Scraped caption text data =
============================================================

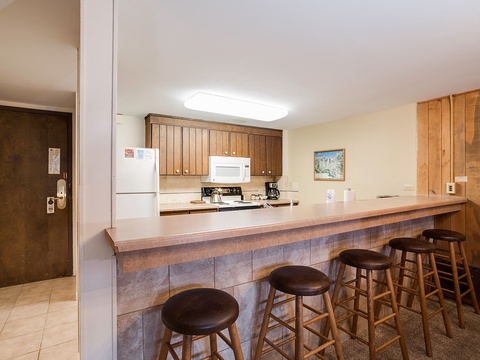 Your spacious kitchen features warm wood cabinetry, full appliances, and a generous breakfast bar where you can gather with loved ones over morning coffee or casual meals together.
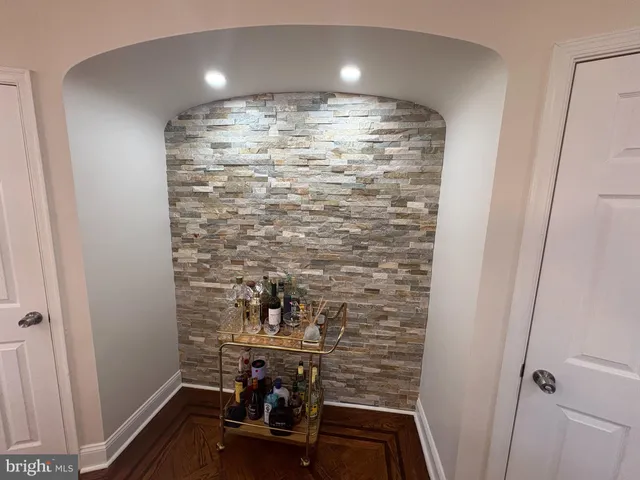 a room with water heater and wooden floor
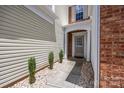 Inviting entrance with manicured shrubs, a walkway, and brick accents at 12407 Crowley Ct, Charlotte, NC 28277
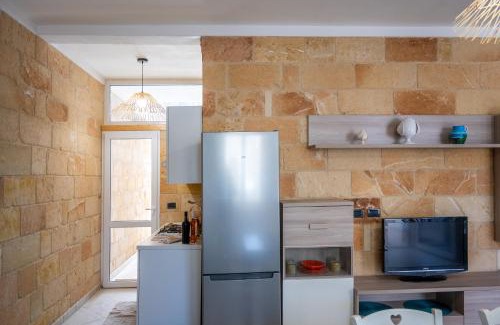 Sant'Isidoro Apartment | Casa Vacanze Acquamarina a Sant Isidoro a 100 m dal mare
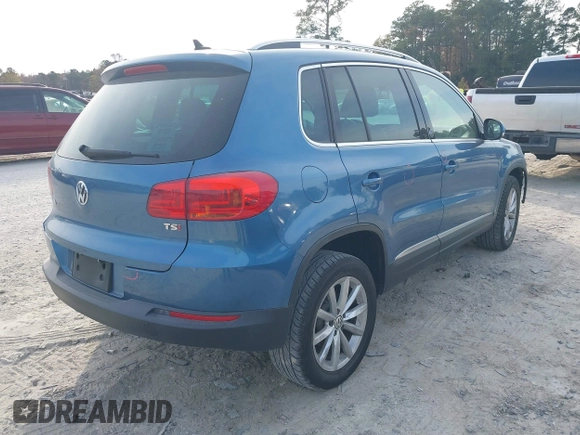 2017 Volkswagen Tiguan Wolfsburg Edition with VIN WVGRV7AX6HW504313, listed as a IAAI auction lot 40950812 with 149,884 mi miles and . Bid and sale history available at DreamBid. Image 4.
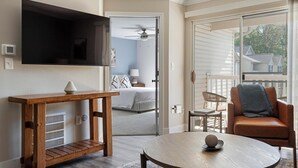 A modern living room with a flat-screen TV, a wooden console table, a round coffee table, a brown leather sofa, and a balcony with a view of houses. - Landing | Chic 2BD, Gym, Clubhouse (Eureka)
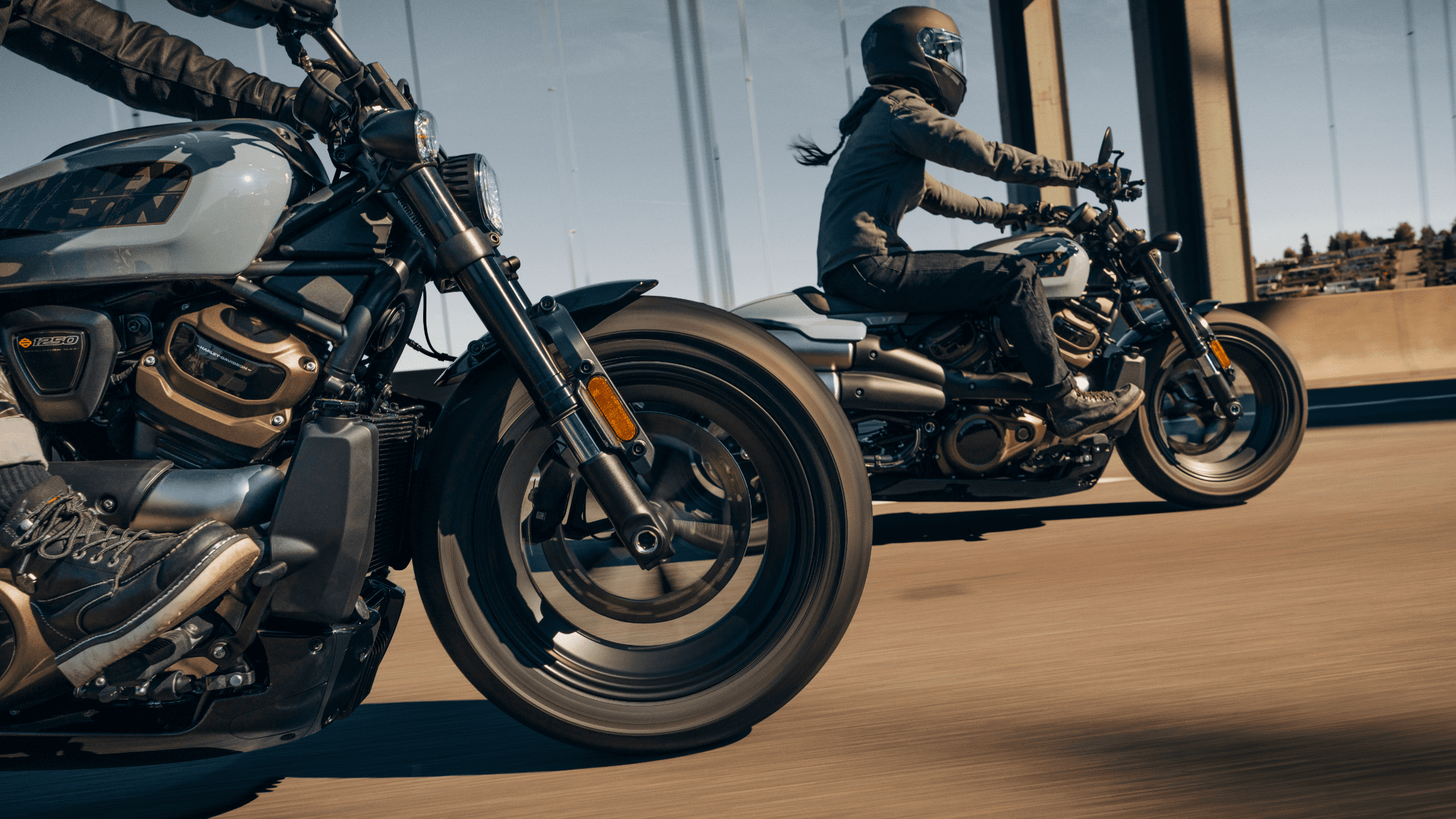 Two riders on Harley-Davidson Sportster® S motorcycles cruising across a bridge, capturing the dynamic motion and sleek design of the bikes.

============================================================

About this task = Starting from the first line of the entries above, print each line exactly until the line containing "A modern living" has been printed, and skip the pictures.

Your response =
 Your spacious kitchen features warm wood cabinetry, full appliances, and a generous breakfast bar where you can gather with loved ones over morning coffee or casual meals together.
 a room with water heater and wooden floor
 Inviting entrance with manicured shrubs, a walkway, and brick accents at 12407 Crowley Ct, Charlotte, NC 28277
 Sant'Isidoro Apartment | Casa Vacanze Acquamarina a Sant Isidoro a 100 m dal mare
 2017 Volkswagen Tiguan Wolfsburg Edition with VIN WVGRV7AX6HW504313, listed as a IAAI auction lot 40950812 with 149,884 mi miles and . Bid and sale history available at DreamBid. Image 4.
 A modern living room with a flat-screen TV, a wooden console table, a round coffee table, a brown leather sofa, and a balcony with a view of houses. - Landing | Chic 2BD, Gym, Clubhouse (Eureka)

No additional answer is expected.